• WHAT IS BEING ASKED: Retype the following data exactly, but leave its pictures out.
====== MATERIAL PROVIDED ======
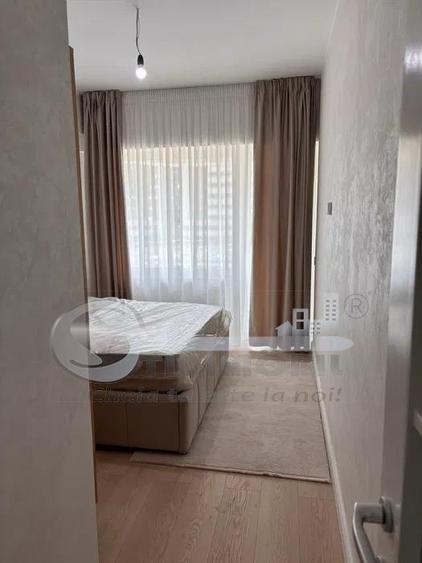 Apartament cu 2 camere decomandat în Copou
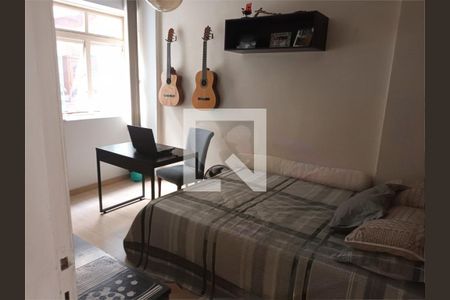Apartamento à venda com 3 quartos, 125m² em Santo Antônio, Belo Horizonte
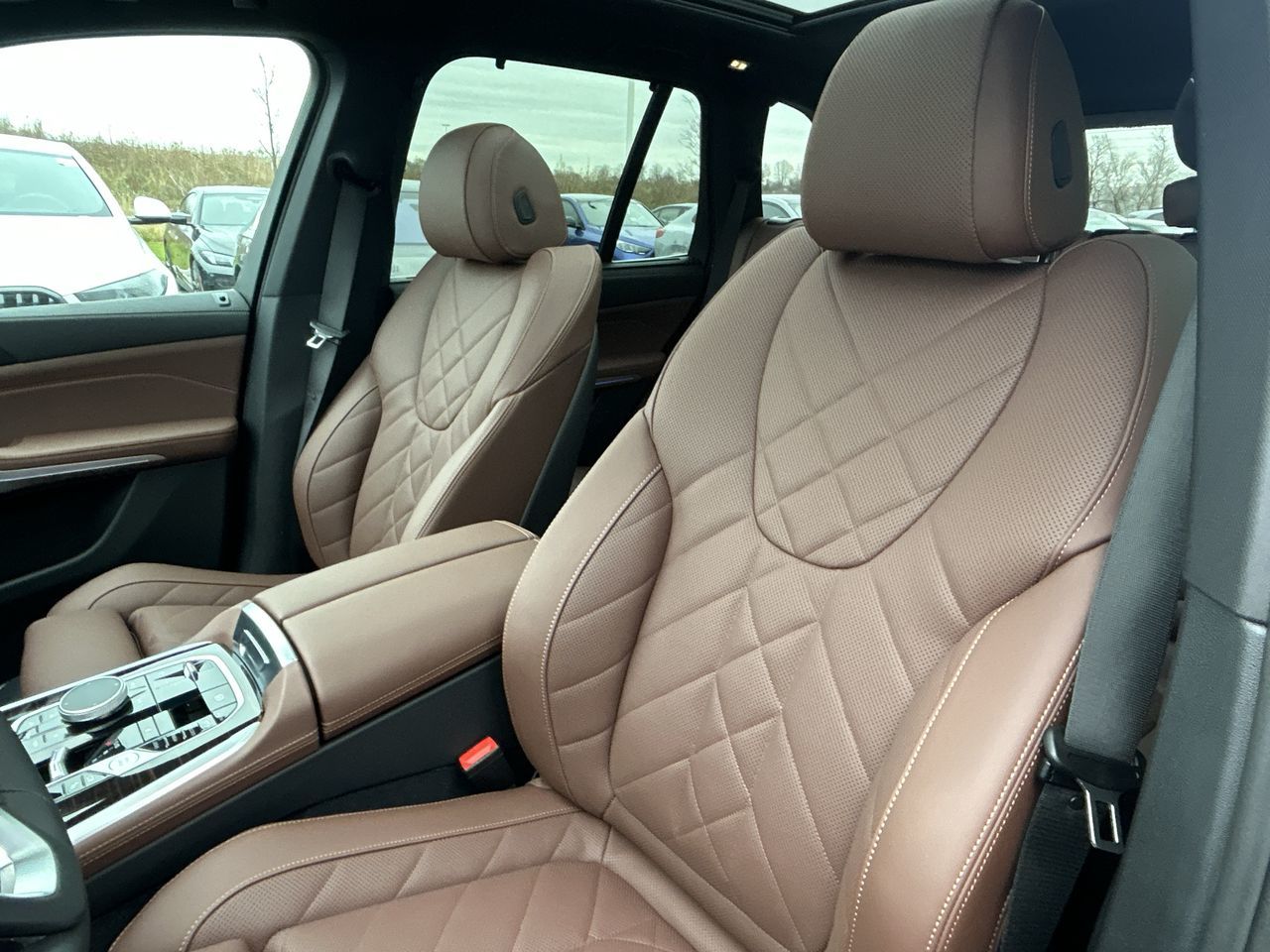 BMW X5 PHEV  2025 à Aurora, Ontario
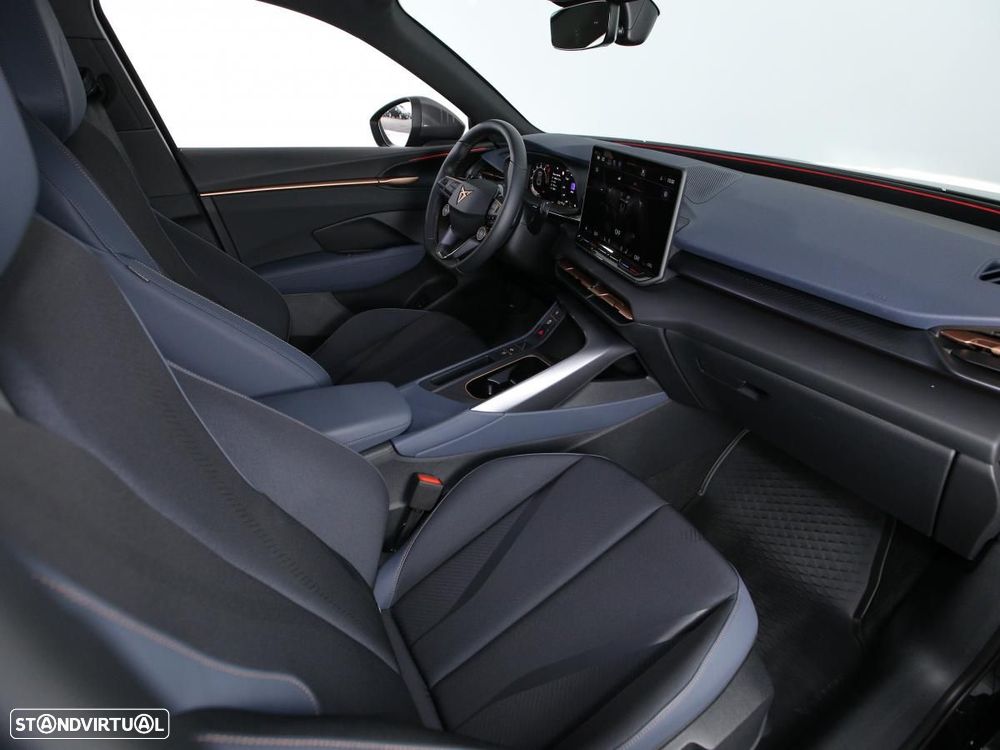 Cupra Terramar 1.5 eTSI DSG - 11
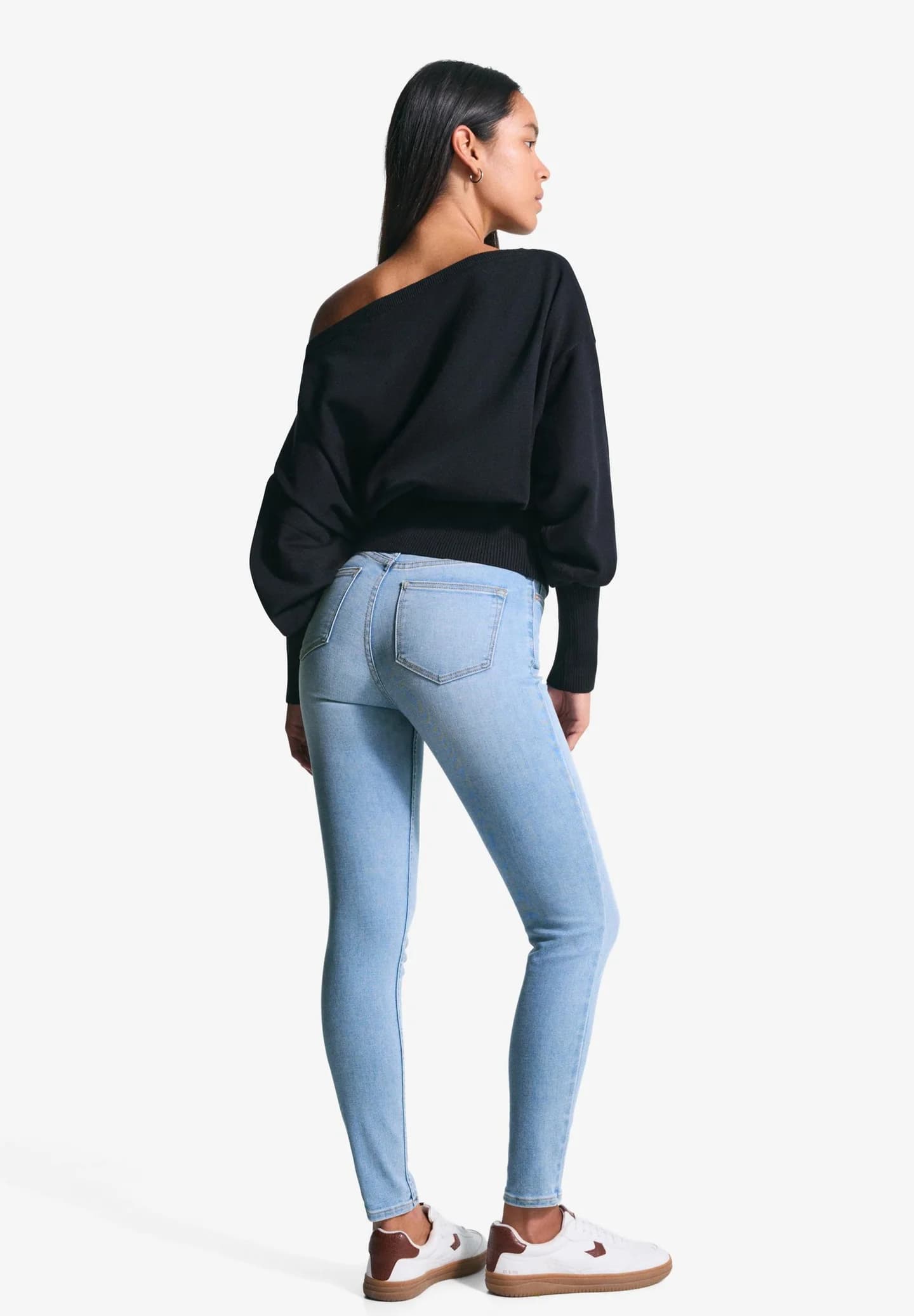 SKINNY - Джинсы Skinny Fit - фото 3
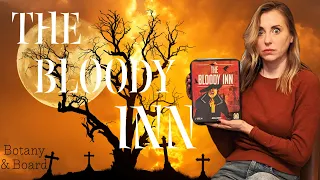 How To Play | The Bloody Inn | Solo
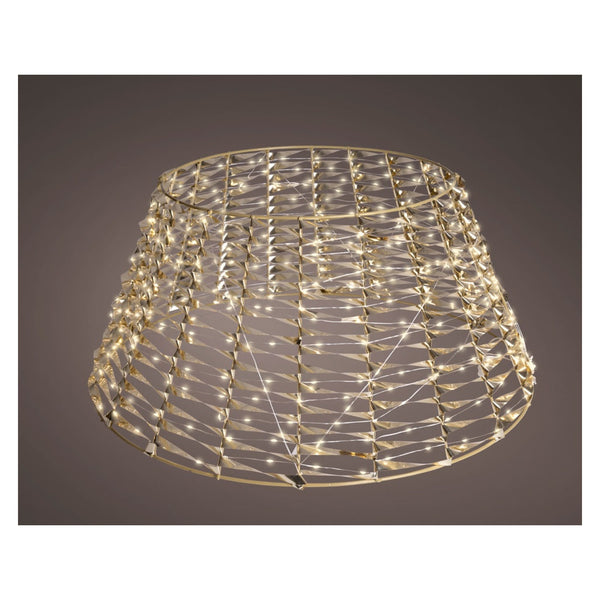 Micro LED Tree Skirt - 600l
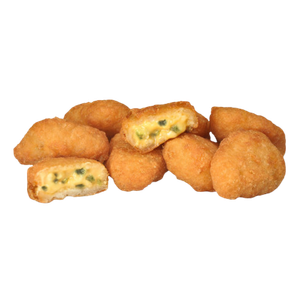 Chilli Cheese Nuggets (6 pcs)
======
• YOUR SOLUTION:
 Apartament cu 2 camere decomandat în Copou
Apartamento à venda com 3 quartos, 125m² em Santo Antônio, Belo Horizonte
 BMW X5 PHEV  2025 à Aurora, Ontario
 Cupra Terramar 1.5 eTSI DSG - 11
 SKINNY - Джинсы Skinny Fit - фото 3
 How To Play | The Bloody Inn | Solo
 Micro LED Tree Skirt - 600l
 Chilli Cheese Nuggets (6 pcs)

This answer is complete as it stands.